C’est une véritable pluie de paragraphes, c’est une grêle de phrases, qui vont les tremper jusqu’aux os.
La première déjà : « Aujourd’hui est un jour de fièvre »… (On est prévenus !). Des phrases qui, en plus de leur souffle, recèlent des « flocons d’images » qui font « mine de s’agréger pour délivrer une clé chiffrée ».
Plus j’avançais dans ma lecture, plus je plongeais dans les abysses de cette prose poétique incrémentale (sorte de parabole hélicoïde), et plus j’étais pris par le roulis du texte – semblable aux rouleaux de mer en bordure de plage qui ballottent nos corps et menacent de les noyer.

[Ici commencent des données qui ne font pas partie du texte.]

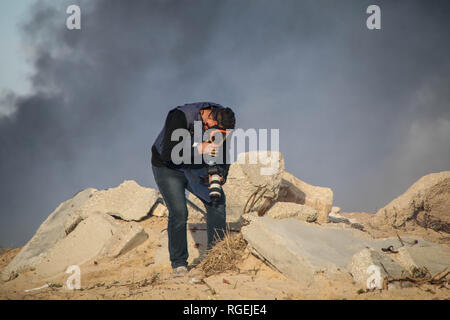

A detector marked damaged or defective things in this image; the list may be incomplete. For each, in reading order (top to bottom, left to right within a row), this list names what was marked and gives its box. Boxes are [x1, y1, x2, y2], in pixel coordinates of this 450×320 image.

Et voilà qu’on en réchappe, voilà qu’on s’envole, voilà qu’on gravit des hauteurs :
« Marche après marche, je perçus le craquement des lames usées sous mes pas, m’accrochant à la rampe comme à l’éveil brusque qui m’avait complétement déstabilisé, me faisant chanceler et prendre l’ascension pour la chute ».
Un autre extrait ?
« Je coupai à droite de la travée principale, bordée de pierres levées qui, penchées par les siècles, dansaient comme une forêt. Il me parut que sous la terre même, dans ses profondeurs, des millions de pierres supplémentaires, prises dans leur sommeil fangeux, reposaient en attendant, mais quoi. Je dépassai le tombeau au lion, m’appliquant, malgré la vision voilée, à déchiffrer les inscriptions sur chacune des stèles, guettant un glyphe qui ferait surgir en moi la lumière, m’inonderait de virginité, une inscription, un nom que, ne connaissant pas, je reconnaîtrais pourtant comme familier, le mien peut-être, celui d’une mère, d’une épouse abandonnée, d’une sœur partie trop tôt, d’un ami très cher, je m’usai les yeux dans la sépulcrale nuit de fin ».

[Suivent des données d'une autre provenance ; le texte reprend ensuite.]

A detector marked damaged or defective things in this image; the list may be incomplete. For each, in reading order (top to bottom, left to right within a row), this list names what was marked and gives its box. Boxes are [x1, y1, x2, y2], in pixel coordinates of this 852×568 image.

Manuel Candré fait ainsi alterner des passages… comment les qualifier ? féériques ? oniriques ?… avec des passages émouvants où le concret trouve sa place avec bonheur :
« Dans l’intermittence des bourrasques, j’aperçus trottinant au loin une petite vieille couverte de fichus. Le dos à l’horizontale, elle marchait à tout petits pas. De là où je me trouvais, je ne pouvais pas voir son visage, mais tout en elle indiquait la lutte, soufflant dans la nuit d’énormes nuages pénibles, le corps réduit à la seule sécheresse de l’effort, ses mains crispées autour d’un bâton ».

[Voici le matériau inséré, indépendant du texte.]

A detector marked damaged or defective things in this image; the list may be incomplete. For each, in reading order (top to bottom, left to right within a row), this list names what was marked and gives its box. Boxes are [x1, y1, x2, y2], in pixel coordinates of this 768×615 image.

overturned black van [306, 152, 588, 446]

Si belle est cette langue par moments, et si rythmée, que je me suis pris à rêver à une adaptation théâtrale (au point d’en parler à un ami comédien).
Novatrice aussi ! Car Manuel Candré invente une langue, ou du moins une façon qui lui est propre de l’écrire, une manière à lui de conduire la phrase, en la désarticulant quelquefois : « Mon récit il est celui du chevauchement et de la langue avalée ».
Beaucoup de livres, quand bien même ils sont estimables, auraient pu ne pas être écrits sans qu’il nous manquât quelque chose. Ce n’est pas le cas de celui-ci. Saluons donc, pour finir, le mérite de Quidam de l’avoir édité et d’avoir poussé le zèle jusqu’à soigner sa couverture : un trou circulaire dans le « O » du titre, comme un œil-de-bœuf ouvrant sur le livre, laisse découvrir le mot « Golem » en écriture hébraïque.